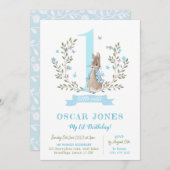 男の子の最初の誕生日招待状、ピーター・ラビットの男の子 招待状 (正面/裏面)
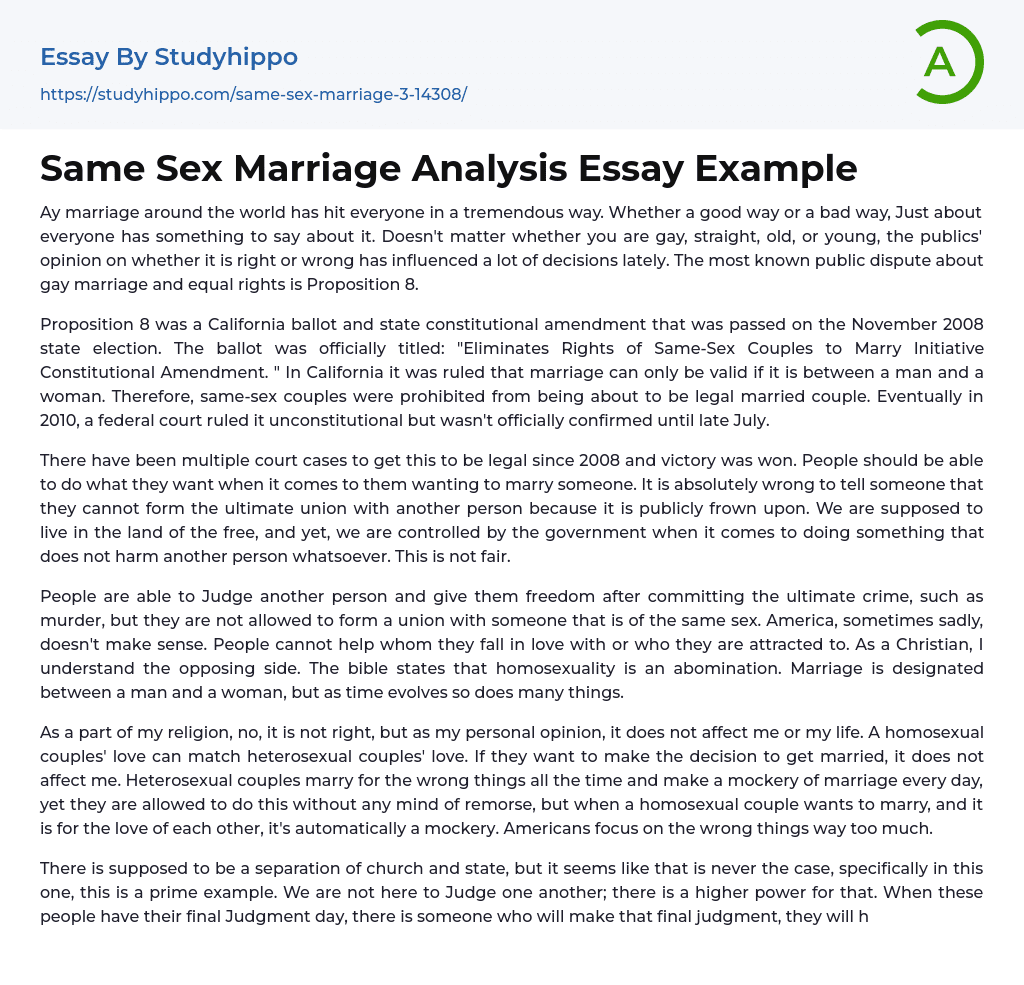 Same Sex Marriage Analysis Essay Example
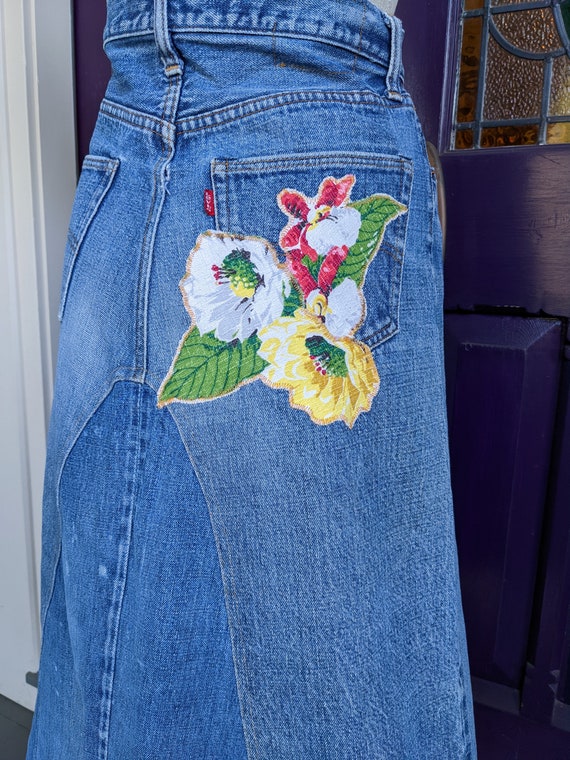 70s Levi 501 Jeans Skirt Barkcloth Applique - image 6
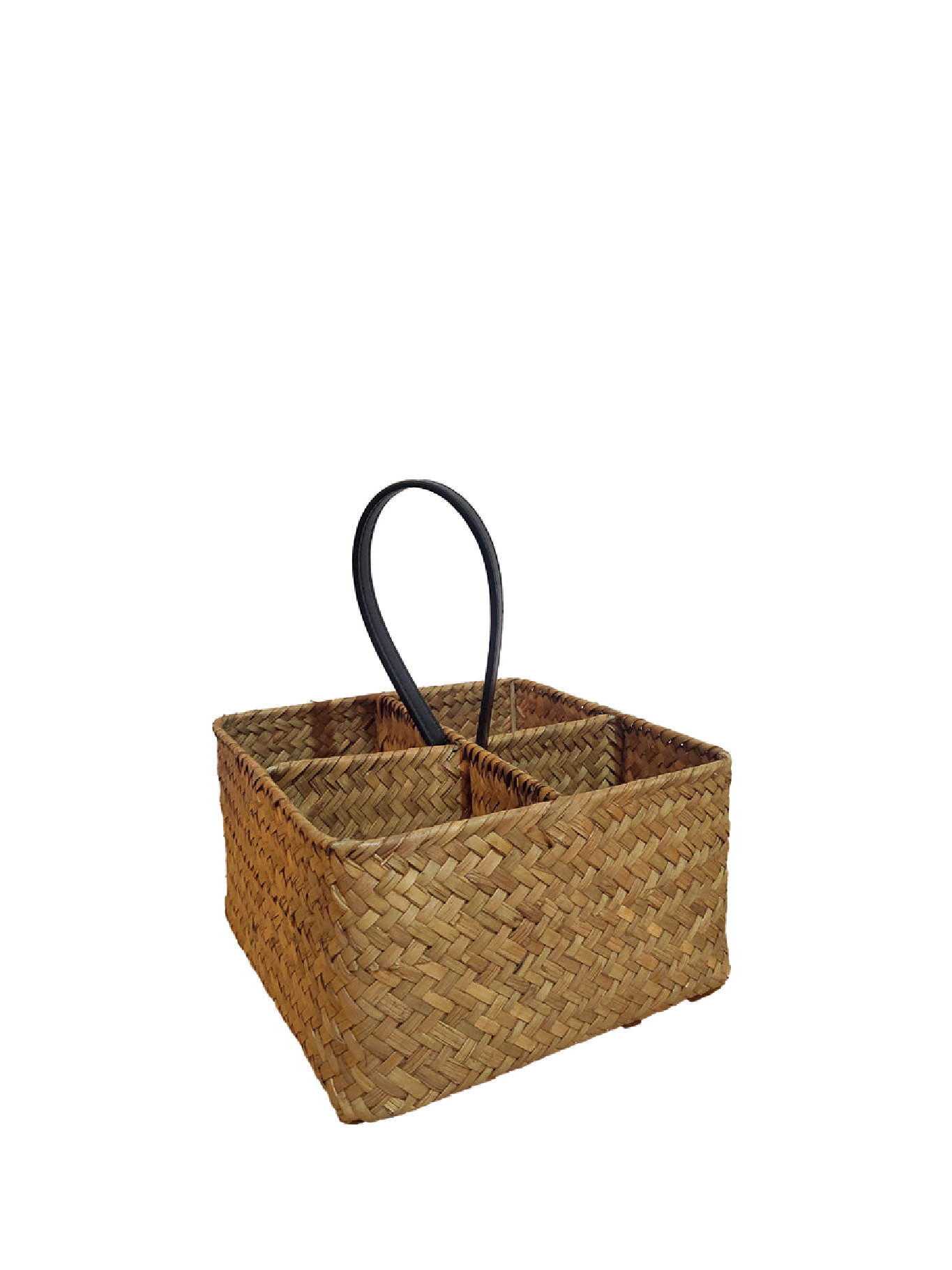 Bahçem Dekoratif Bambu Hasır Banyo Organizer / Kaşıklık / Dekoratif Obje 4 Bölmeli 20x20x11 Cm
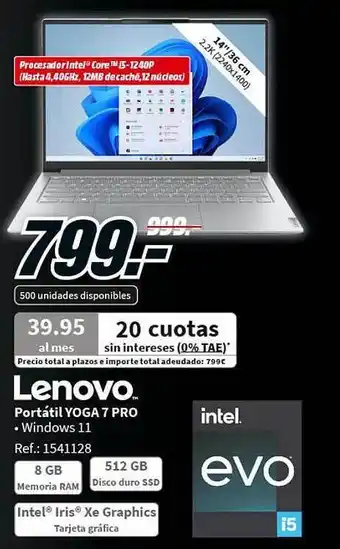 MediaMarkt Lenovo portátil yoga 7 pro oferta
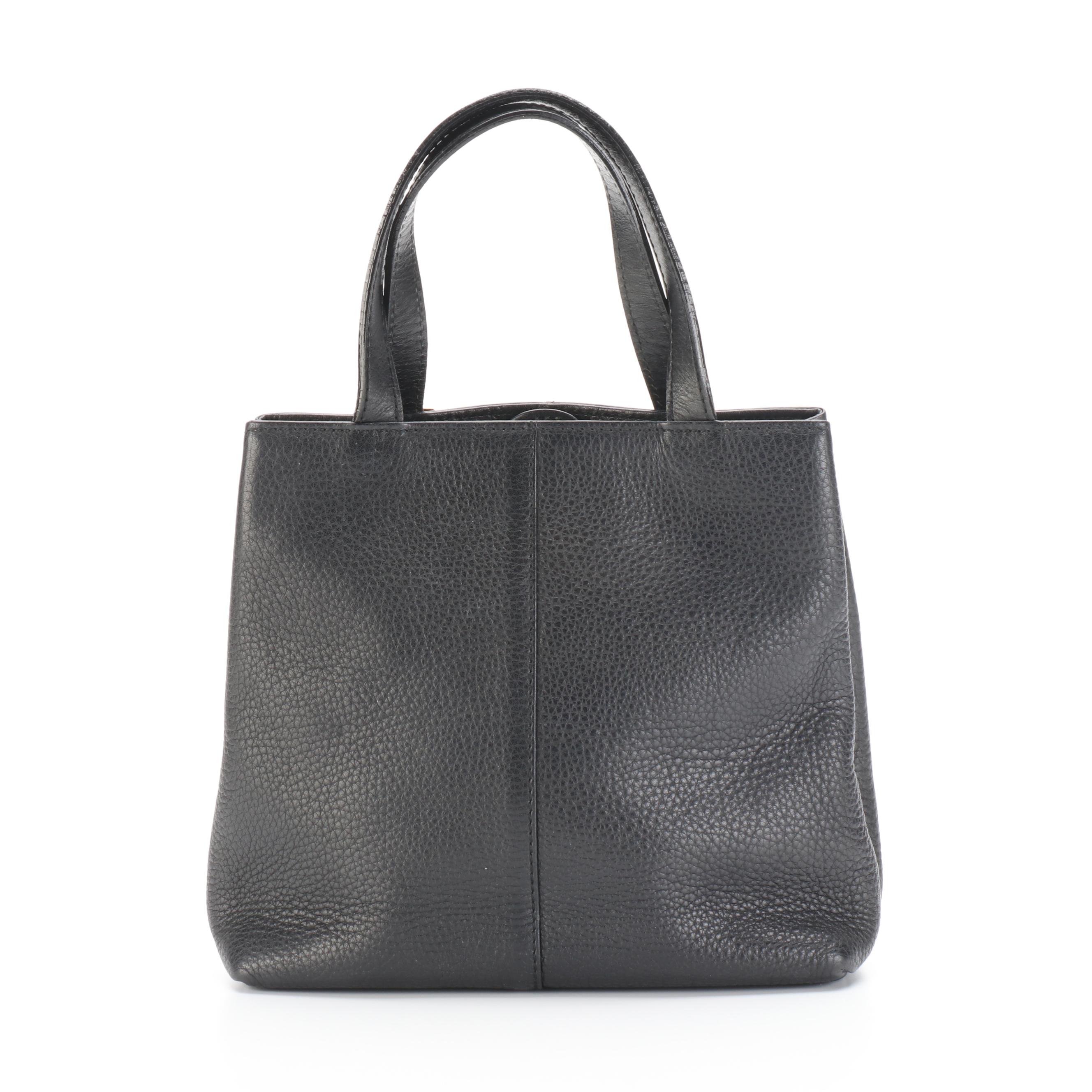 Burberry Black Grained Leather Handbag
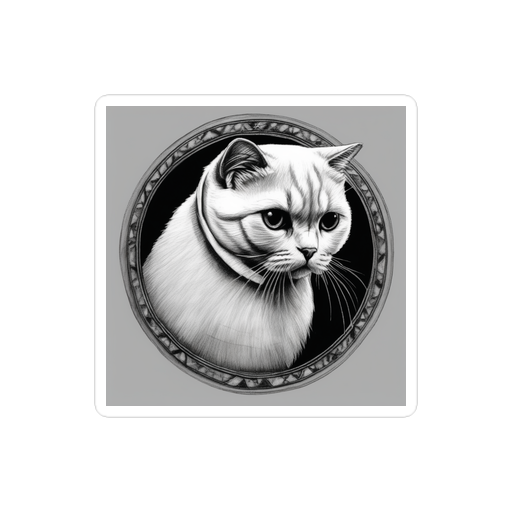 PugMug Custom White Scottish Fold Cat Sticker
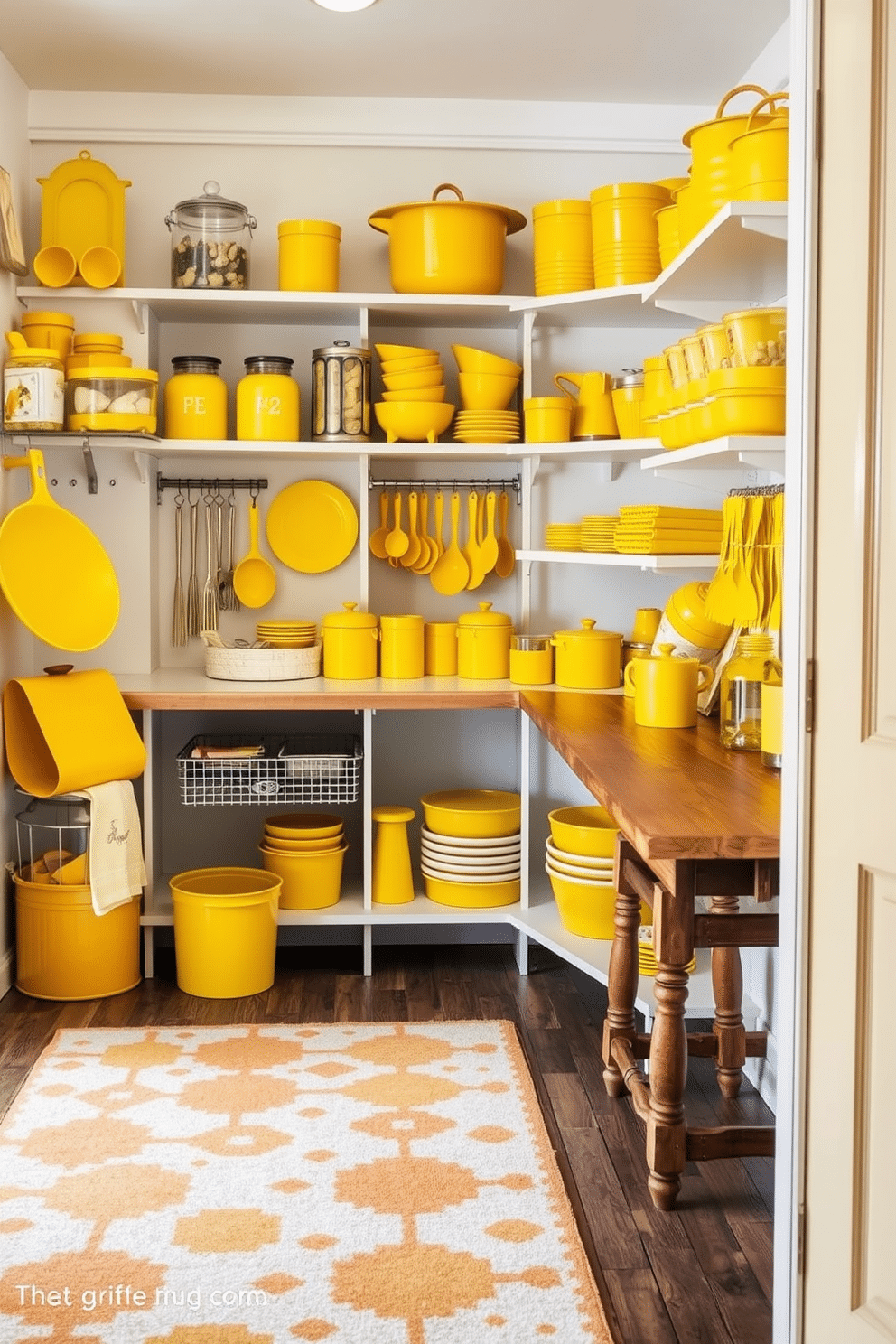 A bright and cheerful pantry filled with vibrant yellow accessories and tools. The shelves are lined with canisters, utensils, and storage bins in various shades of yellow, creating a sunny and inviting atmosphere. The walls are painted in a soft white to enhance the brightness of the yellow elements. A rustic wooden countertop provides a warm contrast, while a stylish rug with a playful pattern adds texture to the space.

◇ ◇ ◇ ◇ ◇

> WORK TO BE COMPLETED
Would you mind transcribing the material exactly, without the pictures?

> SOLUTION TO THIS EXERCISE
 男の子の最初の誕生日招待状、ピーター・ラビットの男の子 招待状 (正面/裏面)
 Same Sex Marriage Analysis Essay Example
 70s Levi 501 Jeans Skirt Barkcloth Applique - image 6
 Bahçem Dekoratif Bambu Hasır Banyo Organizer / Kaşıklık / Dekoratif Obje 4 Bölmeli 20x20x11 Cm
 MediaMarkt Lenovo portátil yoga 7 pro oferta
 Burberry Black Grained Leather Handbag
 PugMug Custom White Scottish Fold Cat Sticker
 A bright and cheerful pantry filled with vibrant yellow accessories and tools. The shelves are lined with canisters, utensils, and storage bins in various shades of yellow, creating a sunny and inviting atmosphere. The walls are painted in a soft white to enhance the brightness of the yellow elements. A rustic wooden countertop provides a warm contrast, while a stylish rug with a playful pattern adds texture to the space.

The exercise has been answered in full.